Despite a proliferative defect in large pre-B cells in BASH knockout mice, such mice occasionally succumb to acute lymphoblastic leukemia (ALL) of pre-B cell phenotype at relatively early in life. Dominant preBCR-positive leukemic cells are detectable in blood as early as 4-weeks of age. The incidence of the ALL was ~5% of BASH-single- and ~15% of BASH/CD19- double knockout mice. Much higher incidence (~70%) was reported in BASH/Btk-double knockout mice that show complete arrest of B-cell development. We are trying to elucidate the mechanism of the leukemogenesis. We have derived several pre-B cell lines from the bone marrow of the affected mice. We have found that these cell lines are particularly useful to study the signaling requirement for the differentiation represented by the events such as L-chain gene rearrangement and pre-BCR downregulation, as described below.

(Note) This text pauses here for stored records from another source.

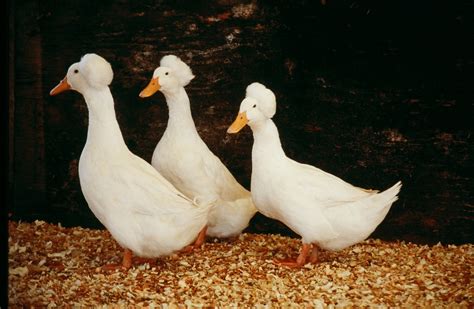 Baby Ducks For Sale - Rouen & Black Runner Ducklings | Cackle Hatchery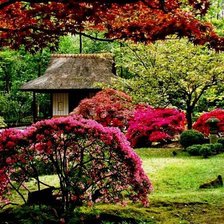 Схема вышивки «№367271»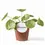 Thumbnail: Pilea peperomioides 'Mojito'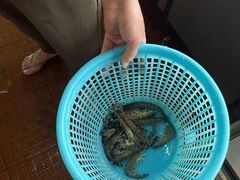 -崖口红树林海鲜餐厅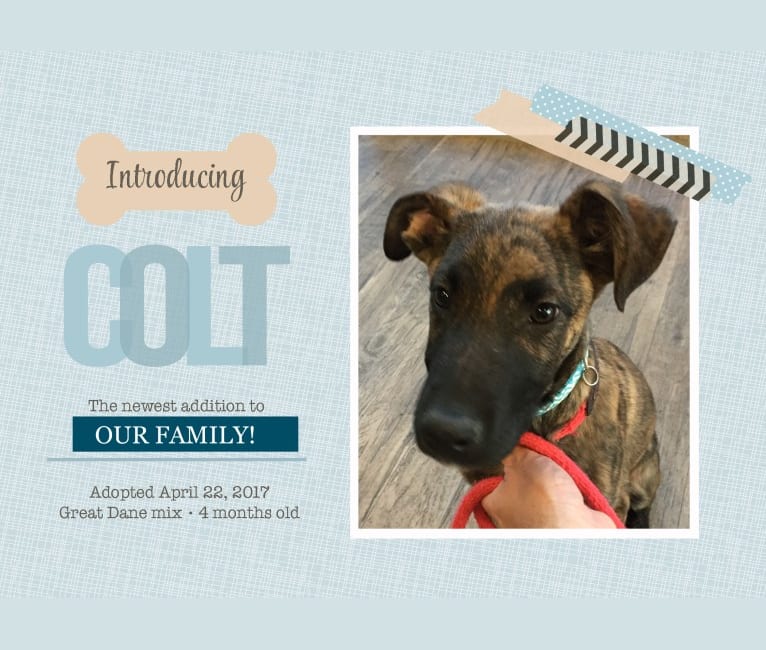Photo of Colt, a German Shepherd Dog and Great Dane mix in New Mexico, USA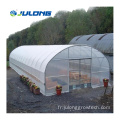 Greenhouse de tunnel végétal simple
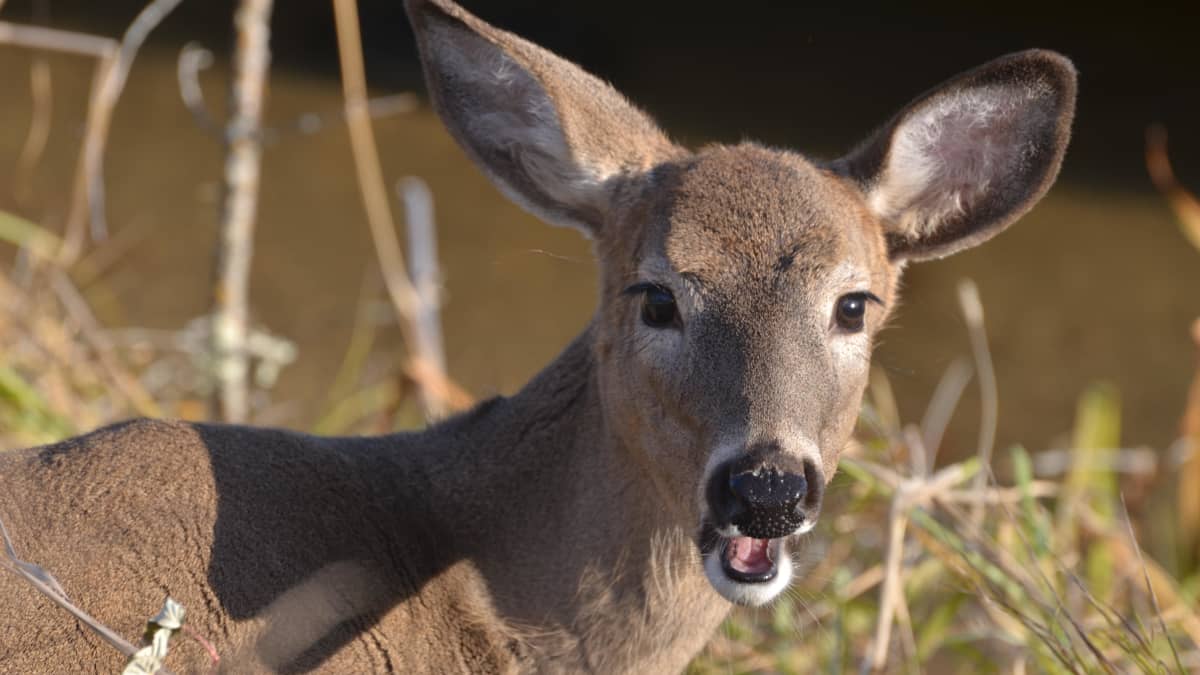 Keep Deer Away From Your Plants and Garden (Without Building a Fence!) -  Dengarden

In BASH-single knockout mice, the number of mature B cell populations in the peripheral lymphoid organs as well as peritoneal cavity was severely reduced, and serum immunoglobulin (Ig) was also reduced. The residual BASH-deficient B cells were phonotypically immature, scarcely proliferated or up-regulated B7-2 in response to BCR-ligation and weakly proliferated upon CD40-ligation or LPS-stimulation. This phenotype indicates that BASH is critical for BCR signaling inducing maturation and activation/ proliferation of peripheral B cells. The maturation block is also reported in mice deficient with BAFF, a TNF-related cytokine, and BAFF-receptor. We showed that the maturation block in BASH-knockout mice is not due to a defect in BAFF-receptor signaling, as described below.

We have been trying to identify novel signaling pathways downstream of BASH. We have shown that the SH2 domain of BASH mediates survival signal and identified a protein that interacts with the SH2 domain: a Ste20-related serine/threonine kinase of GCK family, HPK1. BCR-mediated activation of HPK1 was dependent on the interaction with BASH, and HPK1 was involved in the activation of IKK and NF-B. Physiological role of the interaction between BASH and HPK1 in vivo is now under investigation. In addition, we identified novel tetra-span membrane proteins, BNAS1 and BNAS2, which were bound with the N-terminal basic domain of BASH, through the yeast two-hybrid screening. Thus, a novel BCR signal pathway mediated through BASH is now being unveiled.